I cannot get the meaning of this part, could you please rephrase?

Roman Leventov

Hi,

Thank you for the comment!

We had the following situation:
1. Microservice initialized ChronicleMap with entries size, let’s say 30_000.
2. Microservice was pulling messages from Kafka and writing them to the persisted ChronicleMap instance. At some point number of entries, in reality, was something like 50_000 – 60_000. Even though the amount of data was different compared to entries size we specified during initialization, microservice was still running smoothly.
3. The problem occurred when we restarted microservice without updating the original entries size. During startup, microservice started to read all the messages from Kafka but it wasn’t able to persist them to ChronicleMap due to following error:

java.lang.IllegalStateException: ChronicleMap{name=null, file=/data/lookupData.dat, identityHashCode=1314253895}: Attempt to allocate #33 extra segment tier, 32 is maximum.
Possible reasons include:
– you have forgotten to configure (or configured wrong) builder.entries() number

….

We were able to solve the problem by cleaning the persisted *.dat files and updating the entries size. As the final solution, now microservice computes the entries based on the amount of messaged in Kafka so we don’t need to manually specify anything.

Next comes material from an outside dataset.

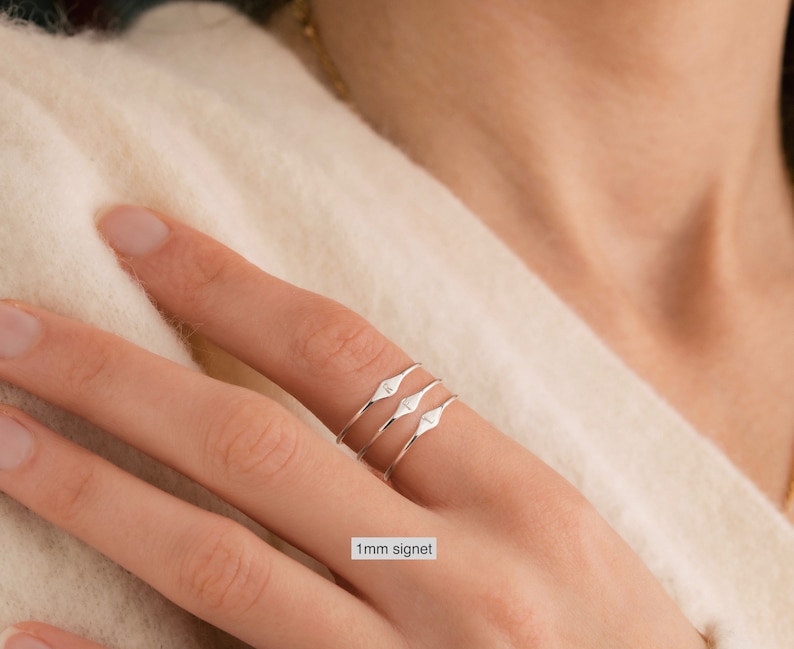 May include: Three silver signet rings stacked on a finger. The rings are thin and have a small, pointed diamond shape on the top.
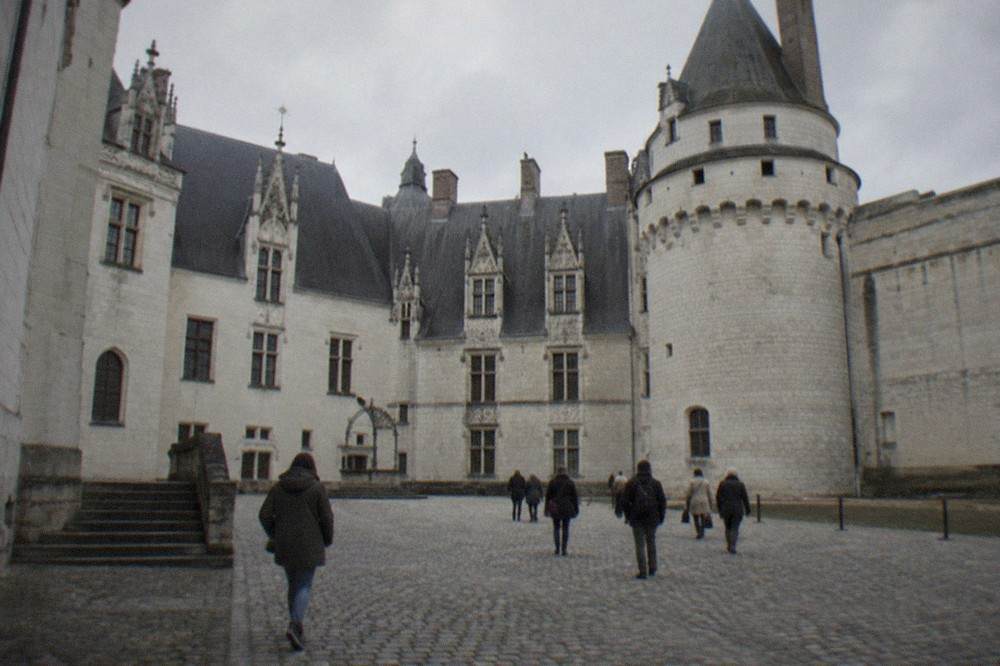 The interior courtyard of the Château des ducs de Bretagne, showing the ornate Renaissance facade with its carved stonework and large windows under a blue sky.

Hope this clears things up.

Cheers!

Levani

Thanks, I see now. It is controlled by ChronicleMapBuilder.maxBloatFactor() (http://static.javadoc.io/net.openhft/chronicle-map/3.12.0/net/openhft/chronicle/hash/ChronicleHashBuilder.html#maxBloatFactor-double-), if you set it to 2.0, you shouldn’t have exception until growing beyond ~2.5 size of the originally configured entries().

Currently ChronicleMap supports growth beyond the configured size, but it is artificially limited with maxBloatFactor(), because as the map grows significantly larger than the originally configured entries(), the performance drops and I don’t want the users have bad impression about it, despite actually they just misconfigured entries().

However “true”, no-perf-degradation Chronicle Map growth is planned: https://github.com/OpenHFT/Chronicle-Map/issues/105

Roman Leventov

Nice integration of ChronicleMap

gnomix